With all images omitted, write out the records word for word.

[Material provided]

■ ■ ■

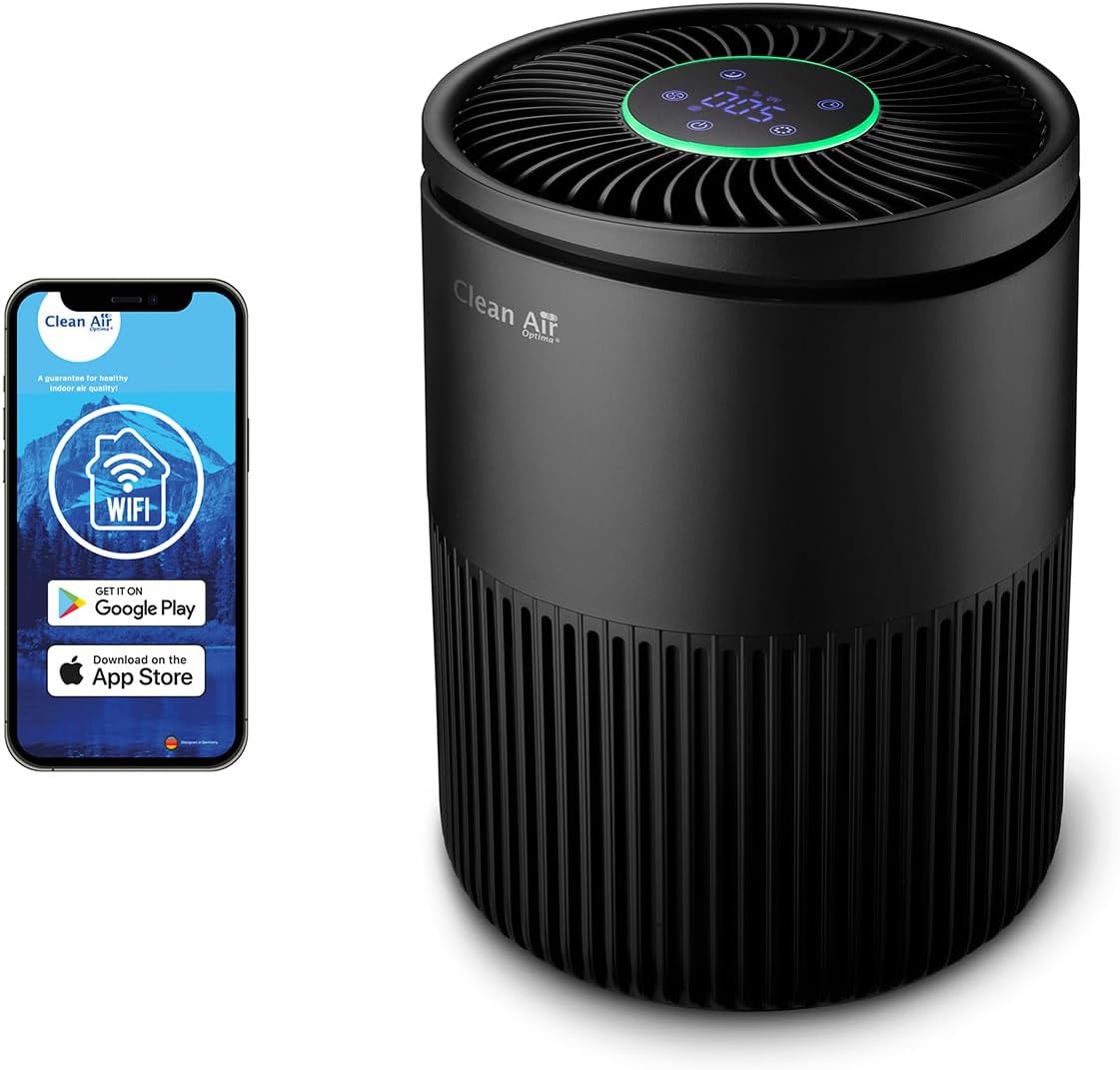 Clean Air Optima - Purificateur d'air HEPA UV et ioniseur intelligent CA-503B Compact Smart - Convient aux pièces jusqu'à 30 m² / 75 m³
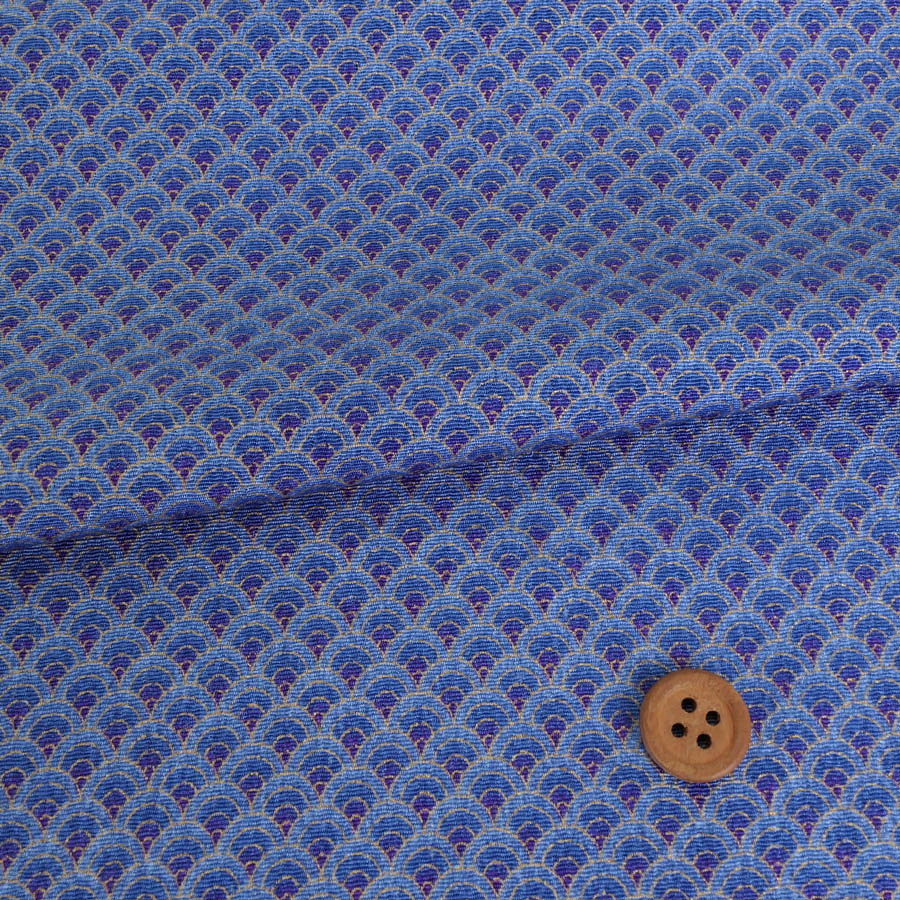 Rakuten - ちりめん生地 グラデーション青海波(青) 10cm単位 切り売り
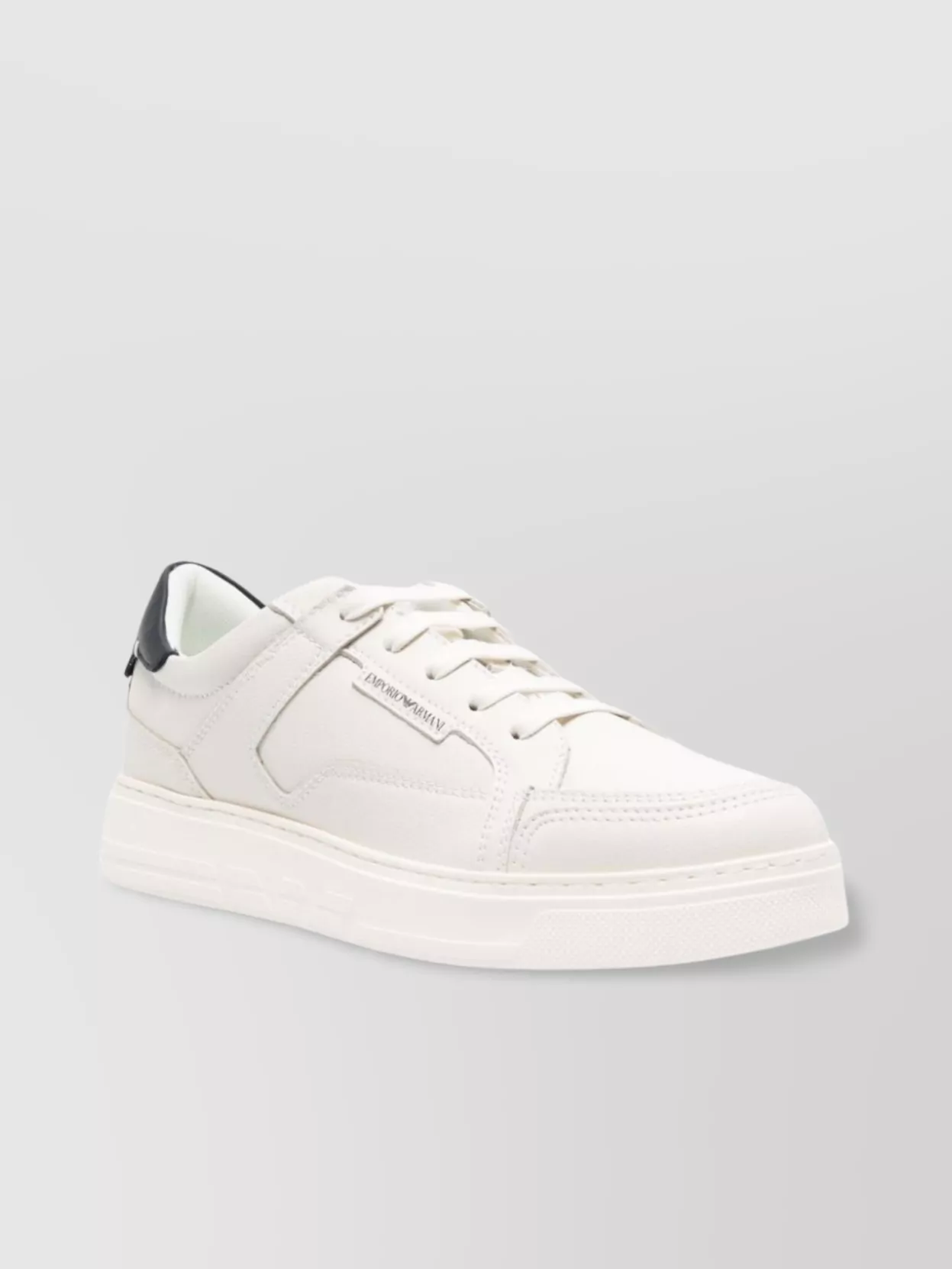 Emporio Armani Leather Panelled Logo-Print Low-Top Sneakers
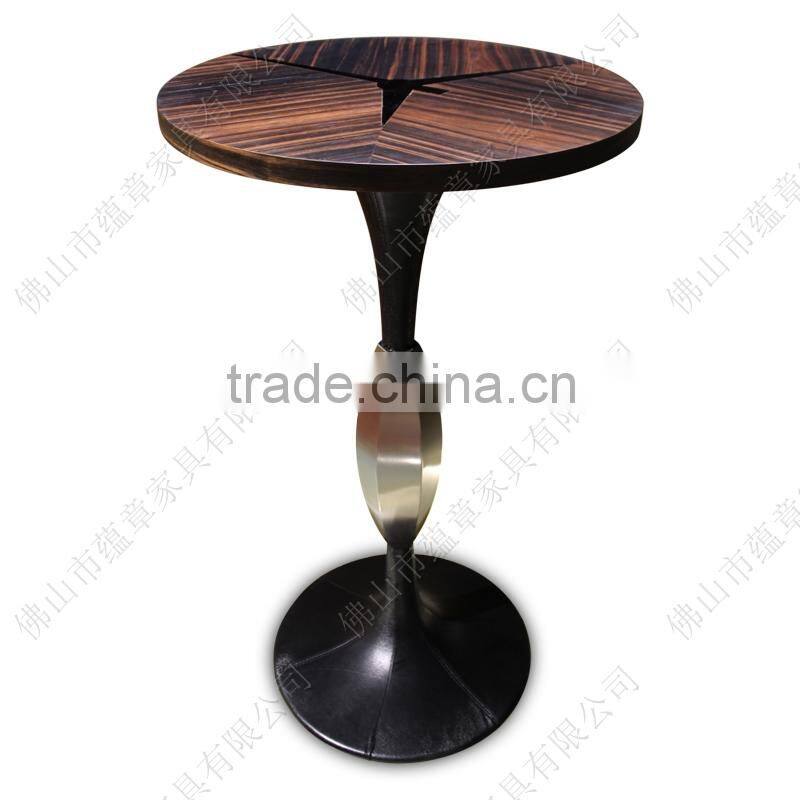 Latest design Stainless steel high bar table with wooden top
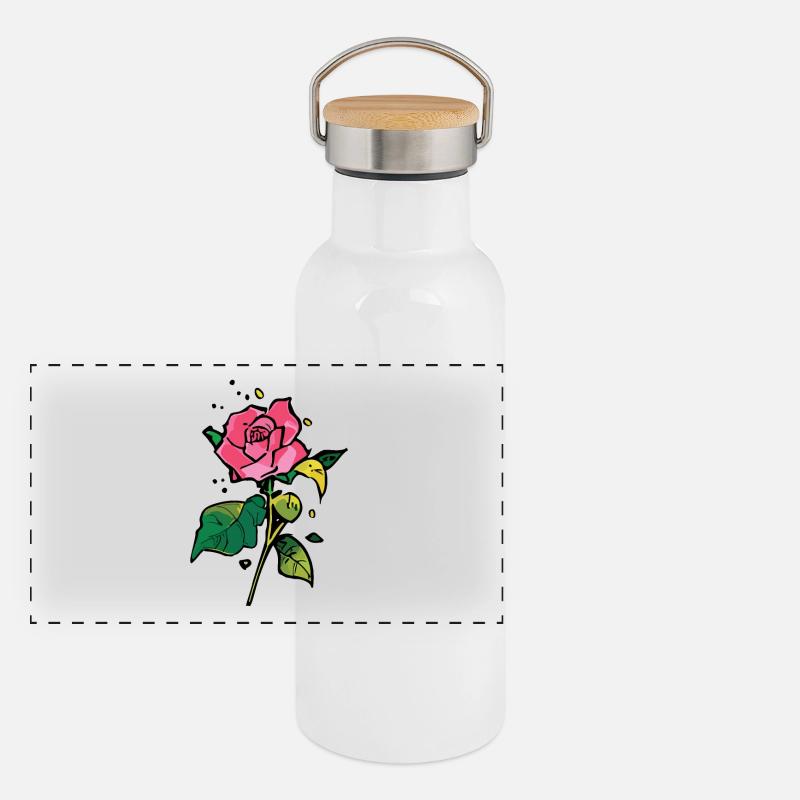 A Pretty Rose Panoramic Thermal Bottle with Bamboo Lid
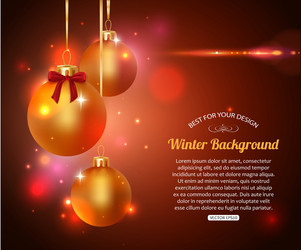 shining christmas background with golden balls vector image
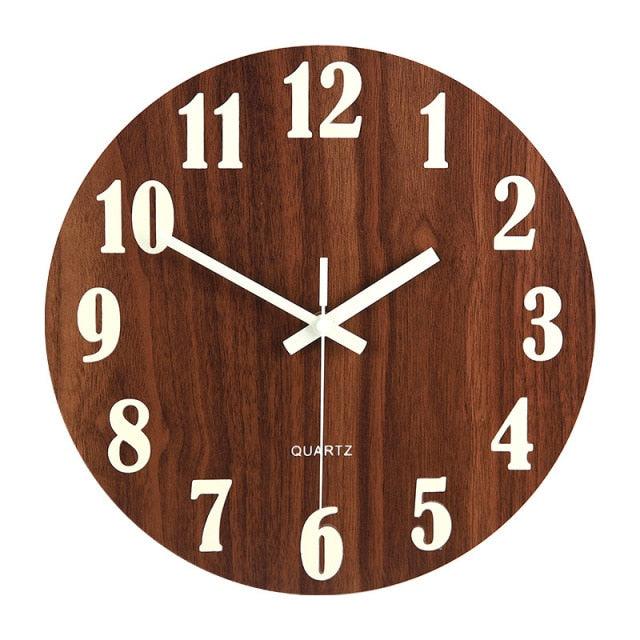 Luminous Wall Clock Silent Non-Ticking Quartz Wall Clocks Large Luminous Function Numbers and Hands Battery Operated Decorative Wall Clock for Office 12 Inch Wooden Silent Non-Ticking Kitchen Wall Clocks With Night Lights For Indoor/Outdoor Living Room - Korvel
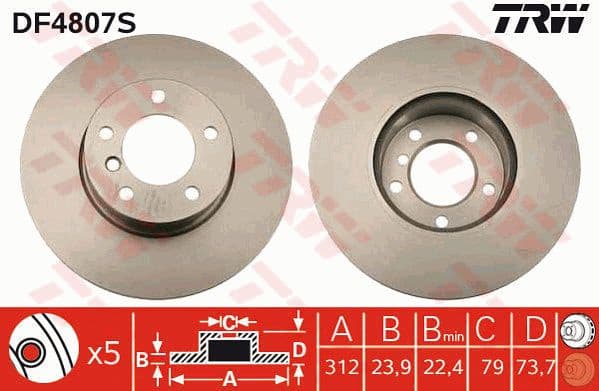 Brake disc, 1pcs FRONT, Top Quality DF4807S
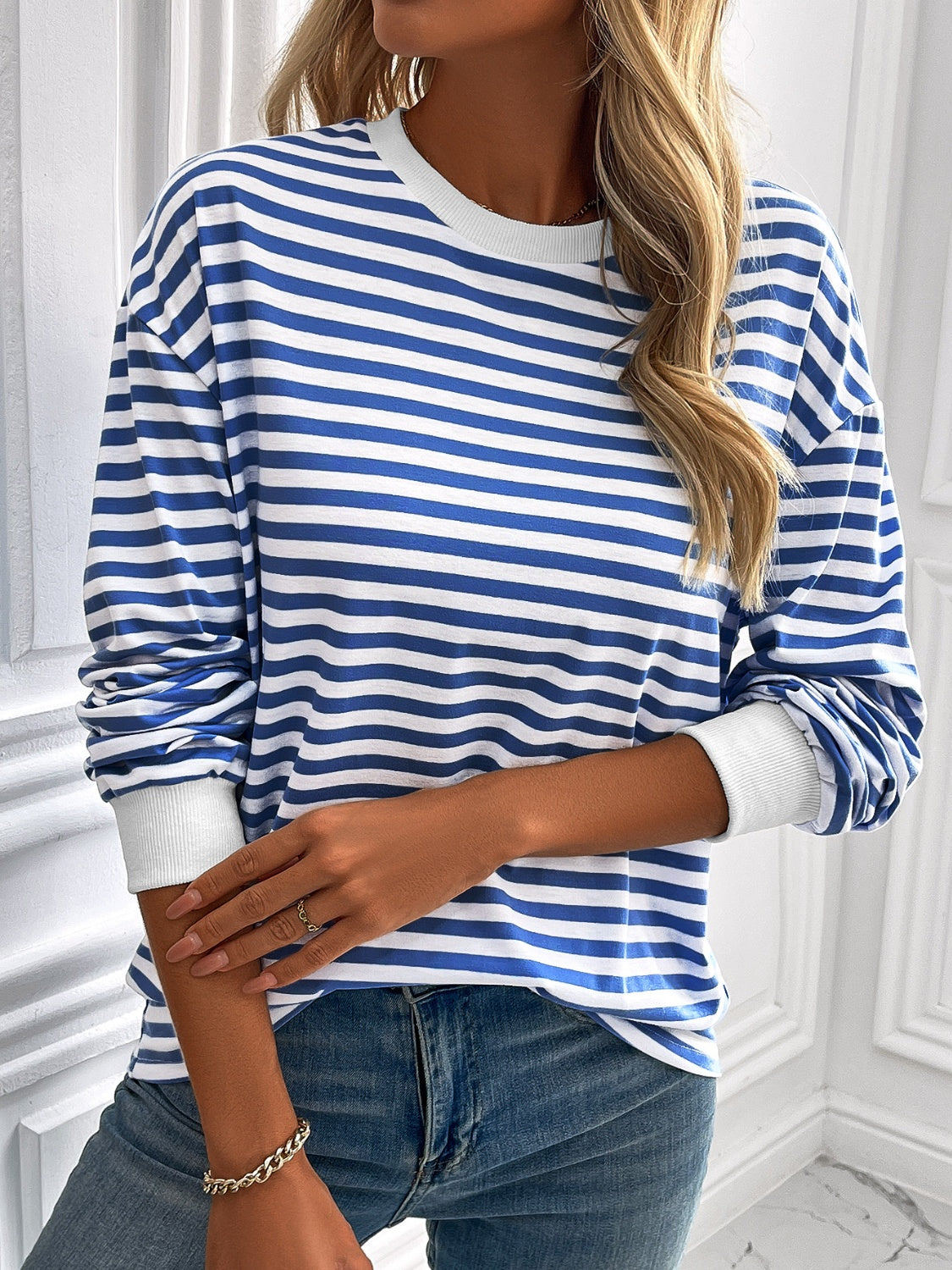Ivy Lane Striped Round Neck Long Sleeve Sweatshirt - The Daily Makeover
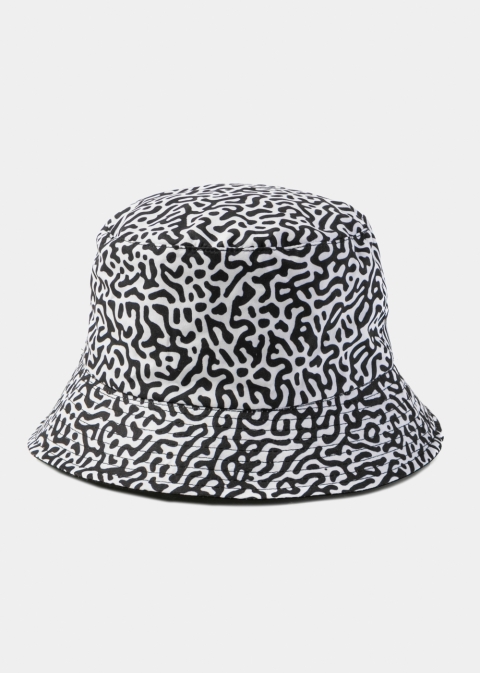 Double-Faced Bucket Hat Painting Pattern & Black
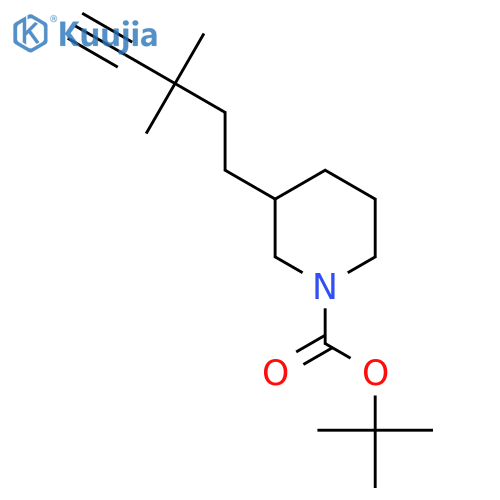 tert-butyl 3-(3,3-dimethylpent-4-yn-1-yl)piperidine-1-carboxylate structure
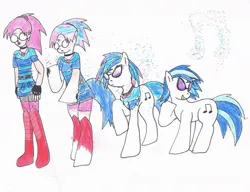 Size: 1024x786 | Tagged: safe, artist:blurryhooves-corner, artist:jonesycat79, derpibooru import, vinyl scratch, oc, oc:emily, human, pony, unicorn, g4, disappearing clothes, female, horn, human to pony, image, jpeg, traditional art, transformation, transformation sequence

■ ■ ■

[Written solution]
 Clean Air Optima - Purificateur d'air HEPA UV et ioniseur intelligent CA-503B Compact Smart - Convient aux pièces jusqu'à 30 m² / 75 m³
 Rakuten - ちりめん生地 グラデーション青海波(青) 10cm単位 切り売り
 Emporio Armani Leather Panelled Logo-Print Low-Top Sneakers
 Latest design Stainless steel high bar table with wooden top
 A Pretty Rose Panoramic Thermal Bottle with Bamboo Lid
 shining christmas background with golden balls vector image
 Luminous Wall Clock Silent Non-Ticking Quartz Wall Clocks Large Luminous Function Numbers and Hands Battery Operated Decorative Wall Clock for Office 12 Inch Wooden Silent Non-Ticking Kitchen Wall Clocks With Night Lights For Indoor/Outdoor Living Room - Korvel
 Brake disc, 1pcs FRONT, Top Quality DF4807S
Ivy Lane Striped Round Neck Long Sleeve Sweatshirt - The Daily Makeover
 Double-Faced Bucket Hat Painting Pattern & Black
 tert-butyl 3-(3,3-dimethylpent-4-yn-1-yl)piperidine-1-carboxylate structure
 Size: 1024x786 | Tagged: safe, artist:blurryhooves-corner, artist:jonesycat79, derpibooru import, vinyl scratch, oc, oc:emily, human, pony, unicorn, g4, disappearing clothes, female, horn, human to pony, image, jpeg, traditional art, transformation, transformation sequence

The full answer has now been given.